Il était une fois un pauvre homme. Il était pêcheur et chaque jour il poussait sa barque sur l'étang.

La plupart du temps il ne prenait rien et sa femme lui disait :

- Tu vas rôder sur l'eau, et tu ne rapportes jamais rien. Il faudrait que tu choisisses un autre métier.

Dans la tête du pêcheur, il était évident que sa femme avait raison.

Pourtant il lui dit :

- Demain j'irai pour la dernière fois, si je ne rapporte rien, je prendrai un autre métier.

Le lendemain, il alla à la pêche et il lança son filet. Quel ne fut pas sa surprise d'y voir un très gros poisson rouge!

Il tira le poisson dans sa barque et le poisson lui dit :

-Pêcheur, ô bon pêcheur, laisse-moi retourner dans l'étang, je te promets que chaque jour tes filets seront pleins.

Le pêcheur rejeta le gros poisson rouge dans l'eau.

Puis il relança son filet. Il y eut des milliers de poissons pris au piège. Jamais il n'en avait pêché autant.

Il retourna à la maison et montra sa pêche à sa femme.

- Comment se fait-il que tu rapportes aujourd'hui plus de poissons que jamais ?

- Je vais te le dire. J'ai pris un gros poisson rouge qui m'a demandé de le remettre dans l'étang. Il m'a dit que je prendrai désormais autant de poissons que je voudrai.

La femme dit au pêcheur :

- Si tu reprends le gros poisson rouge, tu me le porteras. Je veux le manger.

Le pêcheur retourna sur l'étang avec son filet autour du cou. Il commença sa pêche et attrapa aussitôt le gros poisson rouge.

 

- Pêcheur, ô bon pêcheur, laisse-moi retourner dans l'étang. Tu prendras chaque jour tout le poisson que tu voudras.

- Je ne peux pas te laisser aller. Ma femme a dit qu'elle voulait te manger.

Le poisson, la bouche ouverte, réfléchit un instant et dit :

- Quand ta femme m'aura mangé, à minuit, elle accouchera de trois beaux garçons. Ta jument qui est à l'écurie fera trois beaux poulains et ta chienne aura trois petits chiots. Tu appelleras ces derniers : Vire- comme- le-vent, Passe -Partout et Brise Fer. Tu diras à ta femme qu'elle qu'elle conserve mes arêtes dans de l'eau.
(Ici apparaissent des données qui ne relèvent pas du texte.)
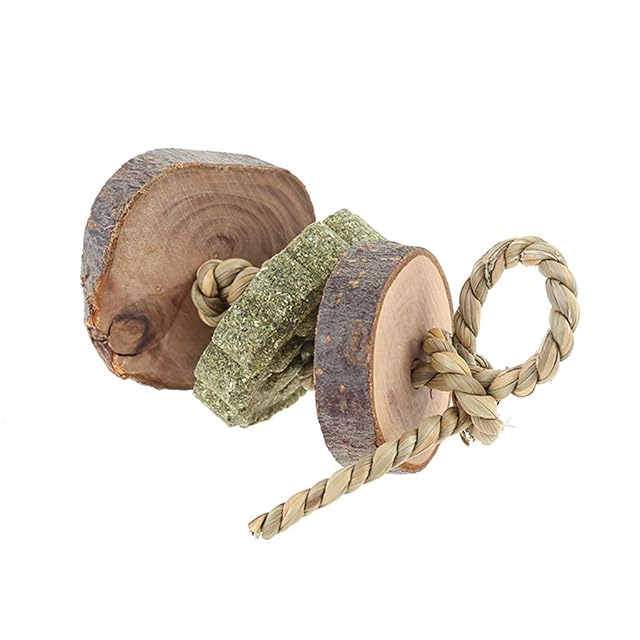 Foto 7 de 8 de BUIDI Rabbit Grass Cake Wooden Molar Toy Pet Chinchillas Hamster Bite String Pet Supplies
Quand l'eau deviendra rouge, quelque chose d'extraordinaire sera arrivé à l'un de tes enfants.

A minuit comme prévu, la femme fit trois enfants, La jument trois poulains et la chienne trois chiots.

 


 

Quand les enfants furent grands, celui qui se croyait l'aîné demanda à partir. Il prit son cheval, son chien et une arête du vieux poisson qui pouvait lui servir de dard. Il arriva dans un pays où tout le monde était en deuil. Il demanda pourquoi cela était. On lui répondit :

- Il y a une bête à sept têtes qui effraye tout le pays. Chaque année il faut lui donner une jeune fille à manger. Cette année le sort a désigné la fille du roi.

- Personne n'a essayé de tuer cette bête ?
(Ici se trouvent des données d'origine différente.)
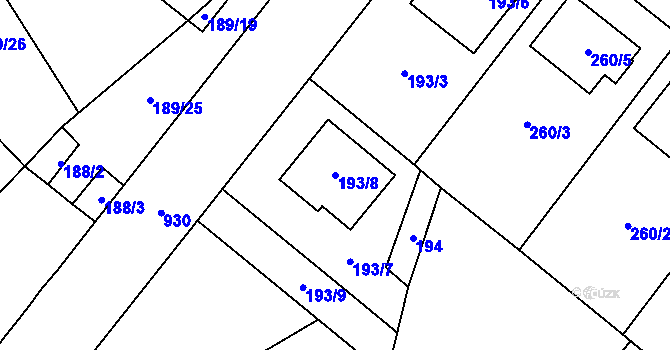Parcela st. 193/8 v KÚ Milovice nad Labem, Katastrální mapa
- Oui, bien sûr, mais personne n'y est parvenu.

Le lendemain était justement le jour où l'on allait mener la fille du roi devant la grotte. Le jeune homme prit son cheval et son chien. Il suivit la fille du roi.

- Où allez-vous ainsi ? Demanda-t-il.

- Je vais être mangée par la bête à sept têtes, si personne ne me sauve.

- Montez derrière moi sur mon cheval. Je vais aller tuer cette bête.

- Non, vous allez être dévoré comme moi.

- Ne craignez rien.

La fille du roi monta sur le cheval et ils arrivèrent devant la grotte. Avec l'aide de son dard le cavalier coupa une tête, puis une autre à la bête.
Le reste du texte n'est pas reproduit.